You can flag outliers by thresholding either component (e.g., values above the 97.5th percentile):

mag_threshold = np.percentile(result_ms["magnitude"], 97.5)
shape_threshold = np.percentile(result_ms["shape"], 97.5)
mag_outliers = result_ms["magnitude"] > mag_threshold
shape_outliers = result_ms["shape"] > shape_threshold
print(f"Magnitude outliers: {np.where(mag_outliers)[0]}")
print(f"Shape outliers:     {np.where(shape_outliers)[0]}")

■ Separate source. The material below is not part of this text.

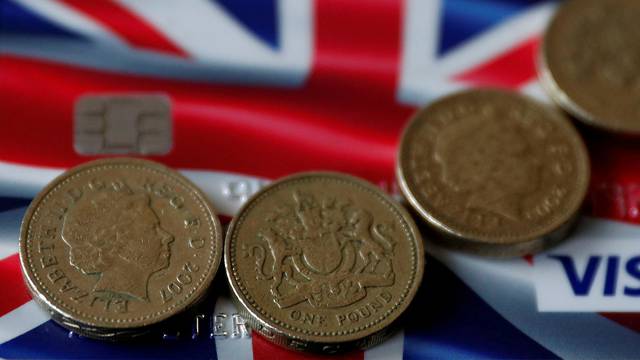 FILE PHOTO: British pound coins are seen on top of a Union Jack themed Visa credit card in this photo illustration taken in Manchester, Britain.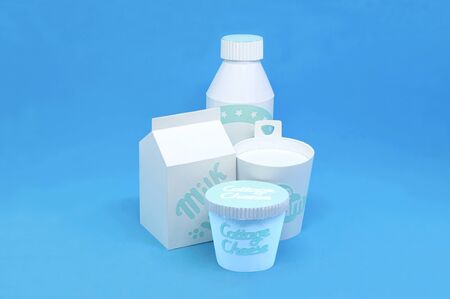 Various dairy products made of paper. Paper boxes and bottles with milk, yogurt, ice cream and cottage cheese. Paper art and craft. Volumetric handmade paper objects. Minimal healthy eating conceptの写真素材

Full example -- detect and visualize outliers

import numpy as np
from fdars import Fdata
from fdars.simulation import simulate
from fdars.outliers import detect_outliers_lrt, outliergram, magnitude_shape

# ── 1. Generate clean data + outliers ─────────────────────────
argvals = np.linspace(0, 1, 100)
fd = Fdata(simulate(50, argvals, n_basis=5, seed=42), argvals=argvals)

# Magnitude outlier
fd.data[0] += 7.0

# Shape outlier (reversed curve)
fd.data[1] = -fd.data[1]

# Amplitude outlier (exaggerated)
fd.data[2] *= 3.0

# ── 2. LRT detection ─────────────────────────────────────────
lrt = detect_outliers_lrt(fd.data, alpha=0.05, n_bootstrap=200)
print("LRT outliers:", np.where(lrt["outliers"])[0])

# ── 3. Outliergram ───────────────────────────────────────────
og = outliergram(fd.data, factor=1.5)
print("Outliergram outliers:", np.where(og["outliers"])[0])

# ── 4. Magnitude-shape ──────────────────────────────────────
ms = magnitude_shape(fd.data)
print(f"Top magnitude scores: indices {np.argsort(ms['magnitude'])[-3:][::-1]}")
print(f"Top shape scores:     indices {np.argsort(ms['shape'])[-3:][::-1]}")

# ── 5. Visualize (optional) ─────────────────────────────────
try:
    import matplotlib.pyplot as plt

    fig, axes = plt.subplots(1, 3, figsize=(15, 4))

    # Panel 1: data with LRT outliers highlighted
    ax = axes[0]
    for i in range(len(fd)):
        color = "red" if lrt["outliers"][i] else "steelblue"
        alpha = 1.0 if lrt["outliers"][i] else 0.15
        ax.plot(fd.argvals, fd.data[i], color=color, alpha=alpha, linewidth=0.8)
    ax.set_title("LRT outliers")

    # Panel 2: outliergram
    ax = axes[1]
    colors = ["red" if o else "steelblue" for o in og["outliers"]]
    ax.scatter(og["mei"], og["mbd"], c=colors, s=20)
    ax.set_xlabel("MEI")
    ax.set_ylabel("MBD")
    ax.set_title("Outliergram")

    # Panel 3: magnitude vs shape
    ax = axes[2]
    ax.scatter(ms["magnitude"], ms["shape"], s=20, c="steelblue")
    for idx in [0, 1, 2]:
        ax.annotate(str(idx), (ms["magnitude"][idx], ms["shape"][idx]),
                    fontsize=8, color="red")
    ax.set_xlabel("Magnitude outlyingness")
    ax.set_ylabel("Shape outlyingness")
    ax.set_title("Magnitude-Shape plot")

    plt.tight_layout()
    plt.savefig("outlier_detection.png", dpi=150)
    plt.show()
except ImportError:
    pass

Which method to use?

  • LRT: best all-round choice for magnitude outliers in moderate samples.
  • Outliergram: effective for shape outliers; provides an interpretable 2D plot.
  • Magnitude-shape: decomposes outlyingness into two axes, useful when you need to distinguish why a curve is outlying.